Andare a casa, hai detto tu, voglio solo andare a casa, ti supplico.
Potente, ho detto io. Ma poi, come avevi intenzione di passare la tua vita? Posto che sapessi fare qualcosa a questo mondo.
Inventatelo.
Tu non sapevi.
Allora sei morto seduta stante, ho detto io. Ora gira la testa, ti ho detto.
La morte avrà inizio fra dieci, fra nove, fra otto.
Veterinaria, hai detto. Volevi diventare veterinario.
Vale a dire bestia. Per questo bisogna andare a scuola.
Nel senso di troppa scuola, hai detto tu.
Puoi essere in qualche scuola a spaccarti il culo, Raymond Hessel, o puoi essere morto. Scegli tu. Ti ho infilato il portafogli nella tasca posteriore dei jeans. Dunque volevi davvero diventare un dottore di bestie. Ti ho staccato la canna in salamoia dalla guancia e te l’ho schiacciata contro quell’altra. È questo che hai sempre desiderato diventare, dottr Raymond K.K.K.K. Hessel, un veterinario?
Sì.
Non è una balla?
No. No, hai specificato, sì, non è una balla. Sì.
Bene, ho detto io, e ti ho sciacciato l’estremità umida della canna al vertice del mento e poi al vertice del naso e dovunque schiacciavo la canna lasciavo un anellino luccicante delle tue lacrime.
Allora torna a scuola ti ho detto. Se domani mattina ti svegli, trovi un modo di tornare a scuola.

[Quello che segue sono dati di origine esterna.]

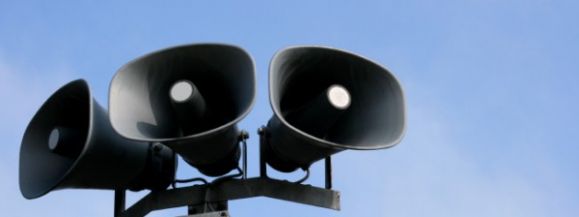 Ćwiczenia sił zbrojnych - syreny alarmowe w jednostce wojskowej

Ho schiacciato l’estremità bagnata della pistola sull’una e sull’altra guancia e poi sul mento e poi di nuovo sulla fronte e l’ho lasciata lì. In questo momento potresti tranquillamente essere morto, ti ho detto.
Ho la tua patente.
So chi sei. So dove abiti. Mi tengo la tua patente e ti tengo d’occhio, signor Raymond K. Hessel. Fra tre mesi e poi fra tre mesi e poi fra un anno e se non sei tornato a scuola per studiare da veterinario, sarai morto.
Tu non hai detto niente.
Vattene da qui e fai la tua piccola vita, ma ricordati che ti sorveglio, Raymond Hessel, e preferisco ammazzarti piuttosto che vederti fare un lavoro di merda per quei quattro soldi che ti servono per comperarti del formaggio e guardare la tele.
Ora me ne vado e tu non ti voltare.
È questo che Tyler vuole che faccia.
Queste sono le parole di Tyler, quelle che mi escono di bocca.
Io sono la bocca di Tyler.
Io sono le mani di Tyler.
Tutti nel Progetto Caos sono parti di Tyler Durden e viceversa.
Raymond K.K. Hessel, la cena di questa sera avrà un sapore fantastico come nessun pasto che hai mai mangiato e domani sarà il giorno più bello di tutta la tua vita”.